O una que aparece como consecuencia de la activación neuronal, la del revólver de cebita que me regaló el hijo de un amigo de mi padre, que en aquel tiempo tendría veintipico. Al segundo tiro, ya estaba yo otra vez llorando, refugiado en la habitación de mis padres. Porque parece que desde mi temprana niñez –desde esa vez o desde cuando me llevaron al autódromo en el 122 a ver la Fórmula 1 y no soporté el bramar de los motores Cosworth– siempre tuve la tolerancia al ruido de un autista.
¡Me olvidaba!, aunque lo conté acá, del cumpleaños en que me regalaron una armónica y al ratito mi madre o mi padre, no sé quién, mandaron un comando, una amiga de ella, para que me sacara la armónica y la escondieran por años fuera de mi alcance.
Es sorprendente: siempre tuve esos recuerdos, pero nunca los había puesto juntos, nunca me di cuenta de (saco cuentas: el de 10 seguro que no festejé, ese de Vera fue el de 9 o el de 11) que tengo una memoria, aunque sea vaga y sostenida por diapositivas, de siete u ocho cumpleaños, y en cuatro de ellos pasaron cosas que fueron una cagada.

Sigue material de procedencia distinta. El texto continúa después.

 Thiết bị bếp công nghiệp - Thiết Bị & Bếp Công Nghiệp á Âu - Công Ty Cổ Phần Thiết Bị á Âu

La hipotética conversación, si se da –y para darse debe suceder en el día exacto–, tal vez permita darle uso a esta frase prefabricada: "¿Te puedo pedir algo? ¿Me decís 'feliz cumpleaños'?". O tal vez no. Si me acuerdo de algún llamado que ¡hace veinte años! recibió el casete del contestador, si me acuerdo de que se reveló puro bullshit extemporáneo, seguramente no.
(Estábamos en al auto de A., acá en la esquina, porque no vinimos a casa ni fuimos a tomar nada. Me trajeron, seguro que no casualmente, del acto de fin de curso del colegio y nos quedamos charlando en el 147 un rato con ella y con S., ya que, para variar, mi escasa sociabilidad iba contracorriente: hablaba con las docentes y no con los compañeros. Y como tres veces en el devenir de la charla pasé el aviso de que "mañana cumplo años". La gorda obvio que no llamó. La otra, tan hábil para detectar vulnerabilidades, sí. Dejó ese mensaje cuya vida útil estiré escuchándolo tantas veces y hasta rescatándolo gracias al doble casetera, pero que no era más que un acto social, o un paso en su plan, y pronto se convirtió en un amargo recordatorio de la imposibilidad de cruzar las distancias con gestos como ese).
Quizá me quede con alguna cosa espontánea que suceda en esa hipotética charla, aun sin mencionar la fecha. (Seguramente será lo mejor no mencionarla, hacer como siempre y no darles entidad a esas construcciones sociales ni usarlas para salir de la dinámica habitual, de lejana y limitada cercanía, y tratar de acceder a un lugar imposible, porque lo único posible a través de ellas es una comunicación que tiene la misma consistencia y fecha de vencimiento de los brotes de soja). O quizá me quede sin nada. Como si no existiera. Como suele suceder. No es tan grave, supongo.